Bad Faith Insurance Lawyer in Miami

Insurance companies are obligated to act in good faith when handling claims — toward their own insureds (first-party bad faith) and toward third parties making claims against their insureds within policy limits (third-party bad faith). When a carrier unreasonably denies, delays, or refuses to settle a clear case within policy limits, Florida law allows recovery of damages that often exceed the policy limits — including the full amount of any excess verdict, attorneys' fees, and pre-judgment interest. The Law Offices of Albert Goodwin litigates bad faith claims against auto, homeowners, commercial, and excess-line carriers.

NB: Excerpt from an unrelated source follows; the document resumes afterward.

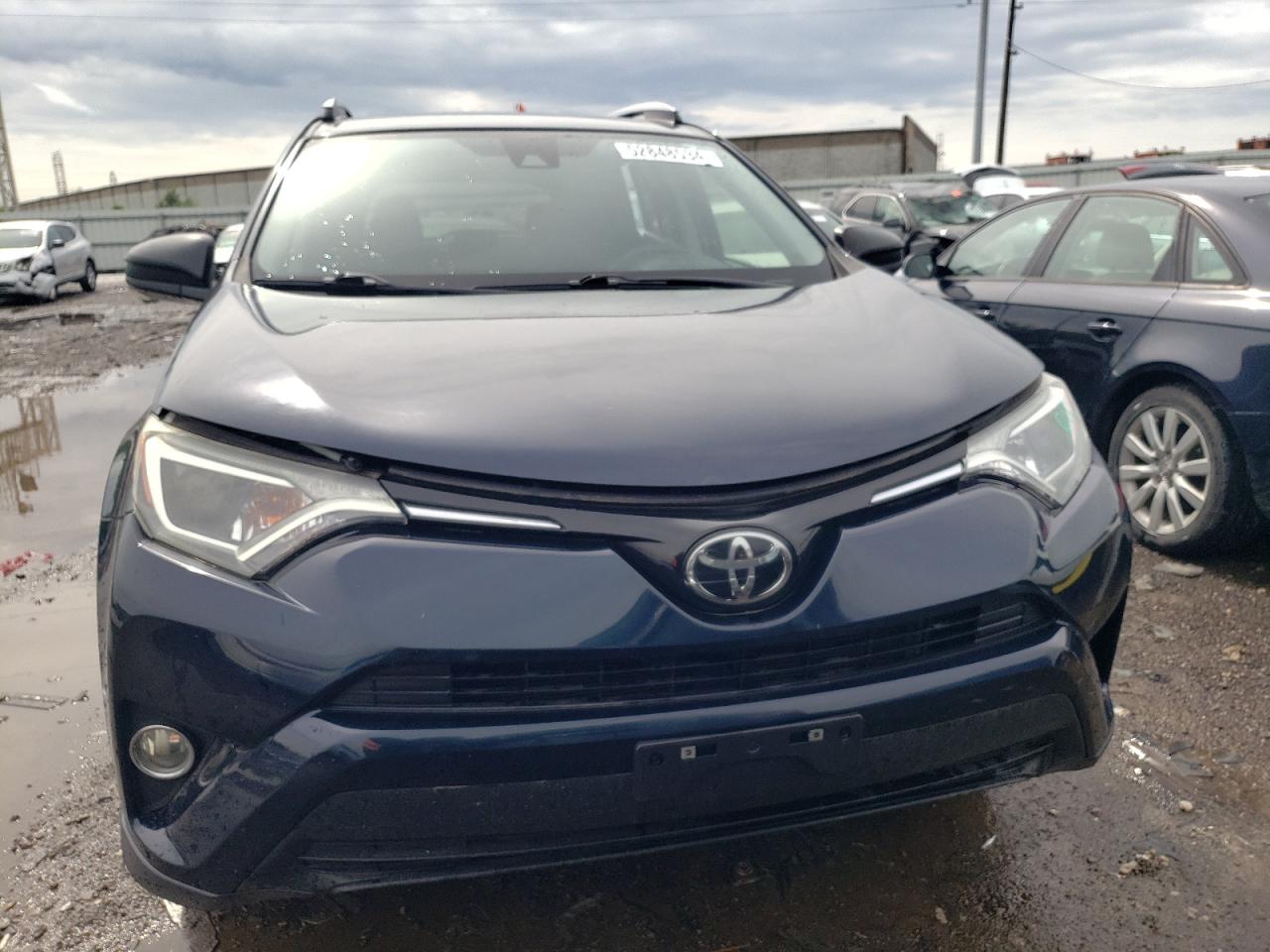 JTMBFREV0HJ716080 2017 Toyota Rav4 Le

Florida's Bad Faith Statute

Florida Statute § 624.155 codifies the right to sue an insurance carrier for bad faith. The statute applies to first-party claims (the insured's own claim for benefits owed under the policy) and to third-party claims that mature through an excess judgment or an assignment from the insured. The statute requires a specific procedural step before suit can be filed: service of a Civil Remedy Notice (CRN) on the carrier and on the Florida Department of Financial Services, with a 60-day cure period during which the carrier can resolve the claim without bad-faith exposure.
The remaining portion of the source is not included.